Last Night.
I don't hear God speak audibly, but I know He speaks. Sometimes He speaks more clearly than expected. This was the inner dialogue last night.
Why don't you stop reading blogs, go curl up and spend some time with me?
(ignore)
Why are you reading blogs of people you haven't seen in a year--come spend time with me.
At least I saw them last year, more than I can say for you. (Really? I'm trying to catch God on a technicality?)
Katherine. (He says forgiving/ignoring my bold ignorance)
I know. I know.
Then why don't you?
BECAUSE.
BECAUSE I have a really hard time believing that you're going to fix or change any of it.
BECAUSE I have a hard time believing that opening it up and reading a chapter, or even a whole book, is going to do any good. It's not going to change anything.
And, let's be honest...
I AM. Always.
It's a figure of speech.
I know. I just thought you could use the reminder.
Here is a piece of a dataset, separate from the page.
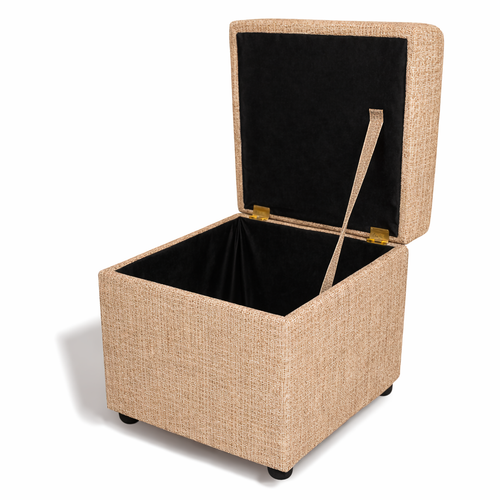 Pufa kwadratowa z pojemnikiem salon sypialnia 38x38x42 miodowa OTTO na Arena.pl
Right. Ok. Well, while I'm being honest, I don't think I'm wrong. I like my opinion and I want to stick to it. And every time I read anything in there, I just get overwhelmed because I can't do it all and I end up feeling more guilty and upset than before. You always make me feel guilty.
The guilt isn't from me.
But how am I supposed to know that?
Just know. It's not from me.
(long pause)
Open it up.
This time, don't look for a list. Don't look for the "shoulds." You've gotten into a habit of skipping some important stuff.
Open it up.
Look for grace.
It's in there.
Even for you.
_
_
_
Then go have some ice cream.
(I don't know if that last part was God but I obeyed, just in case.)